**Work request**: Your answer must be a word-for-word copy of the listing, with all pictures excluded.

**Data excerpt**:
------------------------------

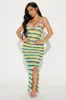 Bella Crochet Maxi Dress - Yellow/combo sold by Fashion Nova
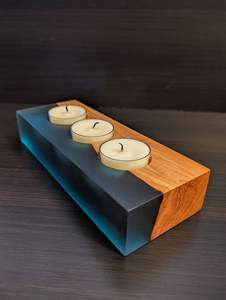 Portavelas Decorativo de Lujo en Madera Natural y Resina, con Patrón de Cascada en Resina Epoxi Translúcida, Craftera Exports - Product Image 6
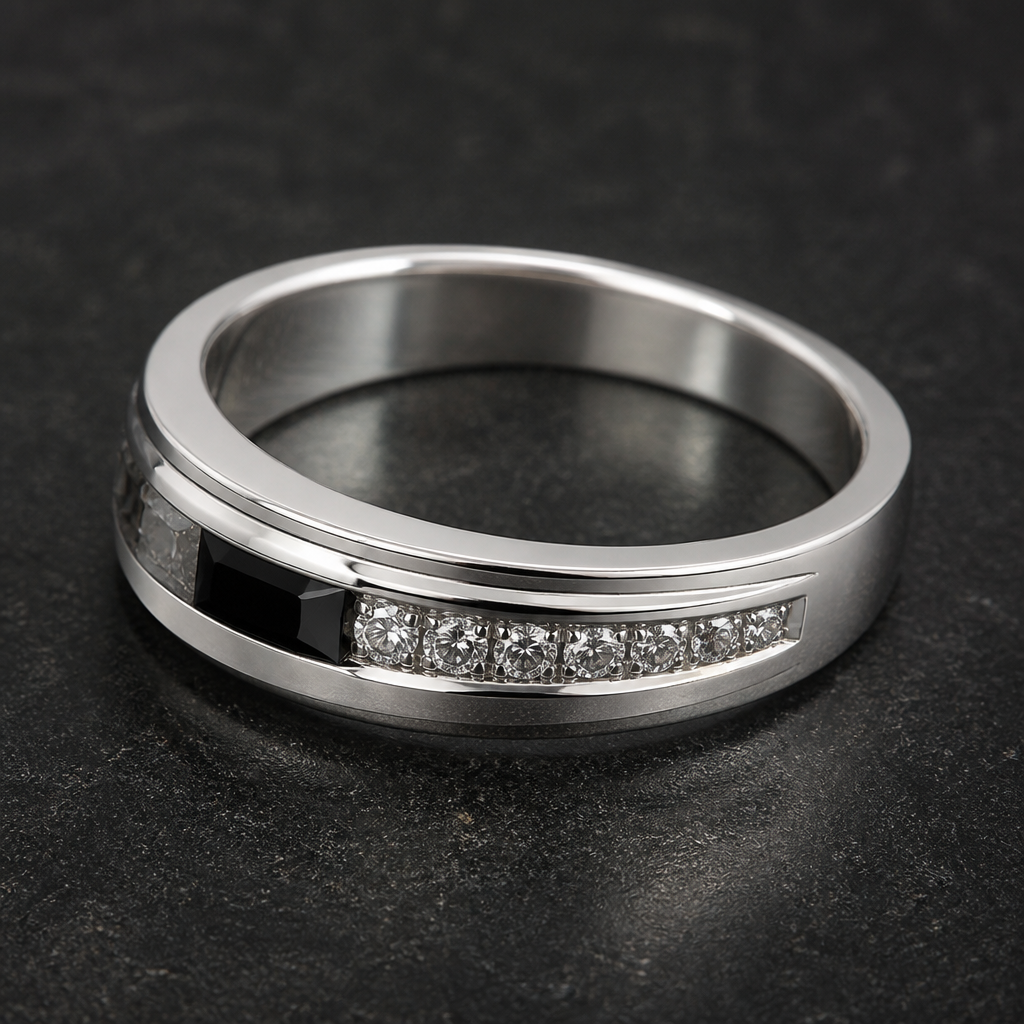 A men's ring made of silver. un delicado anillo con nombre y ermosas piedras
photorealistic jewelry design, A men's ring made of silver. un delicado anillo con nombre y ermosas piedras, modern style, just the design no text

------------------------------

**Output for this task**:
 Bella Crochet Maxi Dress - Yellow/combo sold by Fashion Nova
 Portavelas Decorativo de Lujo en Madera Natural y Resina, con Patrón de Cascada en Resina Epoxi Translúcida, Craftera Exports - Product Image 6
 A men's ring made of silver. un delicado anillo con nombre y ermosas piedras
photorealistic jewelry design, A men's ring made of silver. un delicado anillo con nombre y ermosas piedras, modern style, just the design no text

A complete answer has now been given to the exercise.